Data Integration for Marine Ecological Genomics
- Many aspects of life can only be explained in their ecological context. This was recognized more than a hundred years ago by Haeckel: "Ecology is the entire science of the relations of an organism to its environment to which we can count in a broader sense all conditions of existence". Molecular methods developed over the last 20 years have revealed the diversity and functioning of microbial communities and their crucial role in ecosystem functioning.
Metagenomics, defined as "the functional and sequence-based analysis of the collective microbial genomes contained in an environmental sample" (Riesenfeld et al. 2004), allows researchers to perform cultivation-independent studies of the microbial world on the DNA level. Basic questions like "How does the environment influence the gene content?", and "How does the functional potential encoded therein influence the capacity of a microbial community to interact with the environment?" can be addressed now. Metagenomics can be used to test the hypothesis that genes with no known function are conserved in certain microbial communities and may be important for their ecological adaptation and survival. However, systematic management of data is a crucial prerequisite to achieve a holistic picture of the complex interactions in the microbial realm, on basic ecological questions like "Who is out there?" and "What are they doing?" for relating sequence data to ecological data.

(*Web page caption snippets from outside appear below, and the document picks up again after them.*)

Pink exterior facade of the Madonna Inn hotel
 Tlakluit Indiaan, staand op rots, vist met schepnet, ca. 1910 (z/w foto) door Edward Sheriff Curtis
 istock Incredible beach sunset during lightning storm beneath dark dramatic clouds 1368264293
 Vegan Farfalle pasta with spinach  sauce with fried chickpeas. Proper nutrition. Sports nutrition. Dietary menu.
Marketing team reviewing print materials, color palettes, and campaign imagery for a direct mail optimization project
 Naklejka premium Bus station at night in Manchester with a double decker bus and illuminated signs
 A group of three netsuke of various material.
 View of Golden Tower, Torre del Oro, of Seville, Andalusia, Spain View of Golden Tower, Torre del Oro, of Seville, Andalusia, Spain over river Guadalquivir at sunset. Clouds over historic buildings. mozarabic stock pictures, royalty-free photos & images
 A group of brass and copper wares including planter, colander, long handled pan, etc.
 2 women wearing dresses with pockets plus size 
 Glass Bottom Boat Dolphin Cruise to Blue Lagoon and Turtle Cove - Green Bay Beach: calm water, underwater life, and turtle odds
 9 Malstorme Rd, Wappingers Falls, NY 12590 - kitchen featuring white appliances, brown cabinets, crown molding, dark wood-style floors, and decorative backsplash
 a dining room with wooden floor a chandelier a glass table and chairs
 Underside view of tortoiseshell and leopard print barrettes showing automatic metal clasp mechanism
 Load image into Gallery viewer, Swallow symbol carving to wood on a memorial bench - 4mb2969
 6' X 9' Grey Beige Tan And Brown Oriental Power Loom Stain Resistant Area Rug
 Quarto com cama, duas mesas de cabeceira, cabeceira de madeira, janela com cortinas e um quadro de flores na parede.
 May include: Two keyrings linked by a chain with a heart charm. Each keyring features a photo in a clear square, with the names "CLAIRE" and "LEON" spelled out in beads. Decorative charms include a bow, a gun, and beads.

The results of this thesis are genomic data standardization, software architecture development and implementation of an integrated framework for ecological genomics. The centerpiece is the integrated Microbial Ecological Genomics Database (MegDb). Tools have been developed using geo-referenced DNA sequence data of MegDb. This proofs MegDb suitable for ecological genomics based on standards such as the "Minimum Information about a Genome Sequence" recommendation by the Genomic Standards Consortium.